We are invited to use a Notice/ Wonder chart.  A few years ago when I participated in the Global Read Aloud, this was the way I had my students enter into a Voxer conversation with other classes.  By using notice and wonder, students can engage in the text without the stress of “text-based questions” or a “literary essay.”  It’s low-stakes reading.

Ralph Fletcher makes a case for low-stakes writing in his latest book Joy Write.  Low-stakes reading, like low-stakes writing, is necessary to build critical thinking skills as well as to honor our students for who they are as readers and writers.  All ideas are accepted so all become active participants in the discussion.

In chapter 6, Vicki writes about low-stakes writing prompts for fiction.  She gives a list of the values of this kind of writing.  I want to add to this list.  I agree that the writing can give you a glimpse into the minds of the students, but I contend that the act of writing itself helps to solidify that thinking.  By writing down thoughts about reading, students engage their core thinking.  They focus and process at a higher level.

Turn and talk can become open and write.  Adding the low-stakes writing component will help me build my students’ muscles for longer high-stakes writing.  I require a reader response each week about independent reading.  Some students struggle around what they should write.  By using read-aloud and low-stakes writing about reading alongside notice and wonder, my students will be able to practice writing about reading.
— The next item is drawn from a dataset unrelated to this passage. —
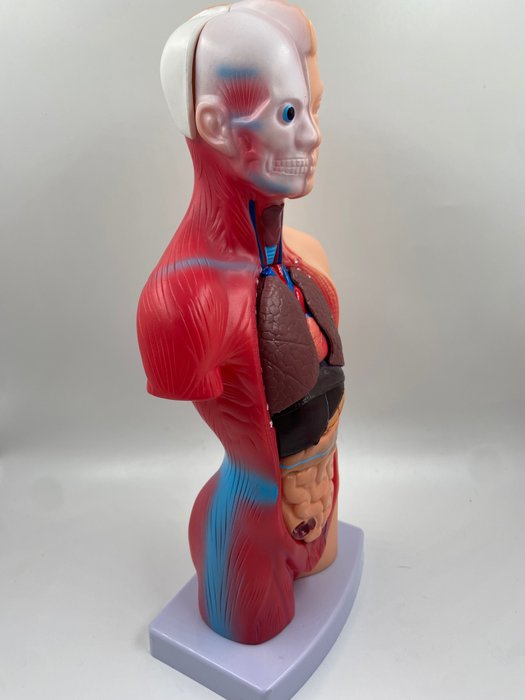 Uddannelses-/demonstrationsmodel - menneskelig torso anatomisk model - 1990-2000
Curiosity puts the brain in a state where it is ready to learn, according to Albert Einstein.  Vicki goes on to say that curiosity is nurtured in a classroom from the inside.  No outside motivators will make this happen.  We must cultivate a classroom atmosphere that welcomes questions.  Wonder should be at the forefront.  Perhaps my daily journal prompt should be “What are you wondering about today?”  Keep curiosity alive around reading and students will lead themselves to the joy of learning.  You can just stand by and watch.